The New Testament plainly teaches us that, “The most High dwelleth not in temples made with hands” (Acts 7:48 KJV). The temple of God is people—not buildings! The church at large desperately needs a heart-rending revelation of this fact. The New Testament never commands, encourages, or even authorizes “Christian” buildings or the collection of money to pay for them. Furthermore, we have the audacity to call these buildings “churches” despite the fact that the Bible never uses the word church to describe a building. There is no geographic space that is more holy (or more “anointed”) than any other. Every believer is the sacred space where God lives in his or her heart.

Additionally,the New Testament clearly teaches us that all believers are priests (1 Peter 2:9). So how is it then, that some “priests” have staffs, salaries, and expenses paid for by the other priests? I guess they must be the high priest… but wait asecond, I thought Jesus was our high priest [sic]. One of the purposes of the tithes (yes, tithes, plural), under the Old Covenant was to pay the Levites and Aaronic priests for doing their jobs—officiating in the tabernacle, Temple and Levitical cities. But if we are all priests, and we are all the Temple, again, how is it that some priests get paid by the others? Once again, the church at large needs a heart-rending revelation of this fact.

I could go on and on. The institution is not the church. The church is people, and we waste billions of dollars every year on buildings, maintenance, staffs, salaries, programs, and other expenses that are utterly foreign to the NewTestament.

Does this mean we can never utilize a building or that those who minister the gospel should not live of the gospel? Of course not. But as I have already said, the church needs a deep revelation of the true Temple of God, the priesthood of every believer, and that our ordinary everyday lives are our sacrifice. Building on this foundation (pun intended) would put many things in a better perspective.

Imagine, just imagine, if all the money we waste financing the institution actually went to genuinely helping people how massive of a difference it would make.

“You keep using that word. I do not think it means what you think it means.” [Inigo Montoya]

Introduction –

One of the most common questions that often arises early in the “religion versus relationship” discussion concerns the definition of the word religion.

Merriam-Webster’s online dictionary defines religion as:

  • The belief in a god or in a group of gods
  • The service and worship of God or the supernatural
  • An organized system of beliefs, ceremonies, and rules used to worship a god or a group of gods
  • Commitment or devotion to religious faith or observance
  • An interest, a belief, or an activity that is very important to a person or group
  • A cause, principle, or system of beliefs held to with ardor and faith

These definitions are all correct in a broad and general sense because they are the definitions most commonly used and recognized today. The irony however, is that these are the modern definitions of the word religion that developed over time, and bear only the vaguest resemblance to either the historical or etymological definitions of the word.

One of the many benefits of dead languages is that the definitions of the words in that language are no longer changing as part of a living dynamic culture. In other words, when we examine how a particular word was used when a language was alive and in common use, we know quite precisely what that word genuinely means, thereby eliminating or at least greatly reducing confusion, debates, and arguments.

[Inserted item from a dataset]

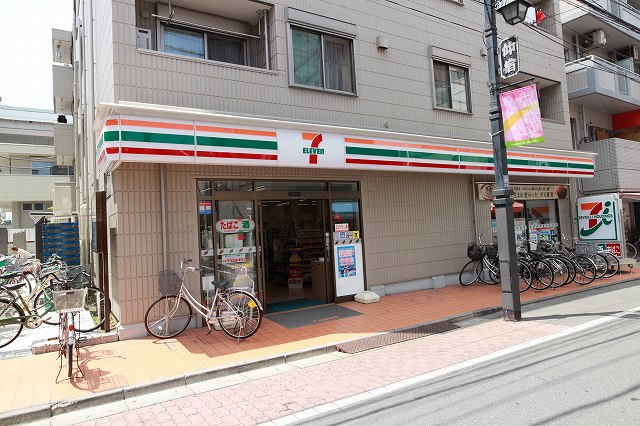 ステージファースト板橋区役所前アジールコート2階 セブンイレブン板橋仲宿店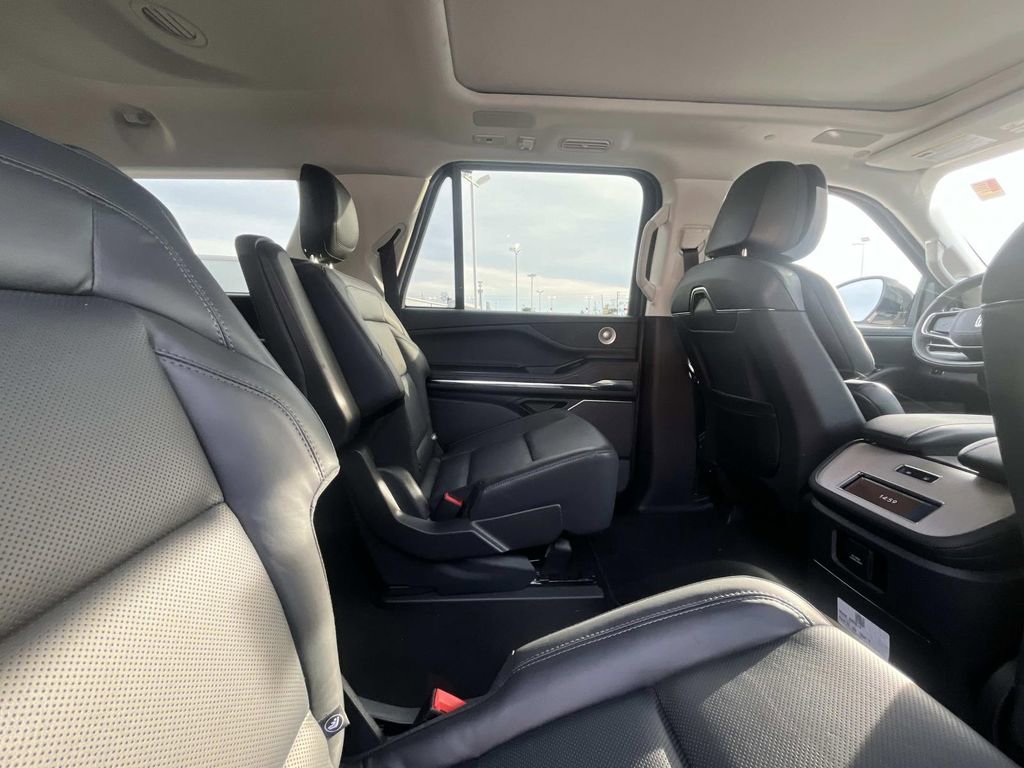 New 2025 Lincoln Navigator L Reserve image 17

Such is the case with the word religion.

We will get to the etymological definition of the English word religion in just a moment, but first some historical background.

Ancient Greek-

There are two ancient Greek words that are commonly translated religiondeisidaimonia, and threskeia. Both are used in the Bible, but only a very few times.

Deisidaimonia (Strong’s #1175) is a noun that means “fear of pagan deities.” The adjective form is deisidaimonesteros (Strong’s #1174). Both are compounds of Strong’s #1169 deilos, meaning “fear,” and #1142 daimon, which is properly translated “demon.” Hence the etymological definition of deisidaimonia is “fear of demons.” The noun form is used only once in the Acts 25:19, where it is translated superstition in the King James Version, or religion in the New American Standard Version. The adjective form is also used only once in Acts 17:22, where it is likewise translated superstitious in the KJV, and religious in the NAS. Historically the word was used to refer to the fear-based “worship” of pagan deities. Practitioners were driven by confused ideas about “God” that produced sincere but misguided doctrines and practices. Deisidaimonia was used in secular Greek literature in a positive sense by Xenophon, Cyril, and Aristotle, but in a negative sense by Theophrastus, Diodorus, and Plutarch. Whether used in a positive or negative sense, it was always a mark of heathenism. Historically, the word religion as a translation of deisidaimonia is accurate, although in modern understanding it would be better-translated superstition.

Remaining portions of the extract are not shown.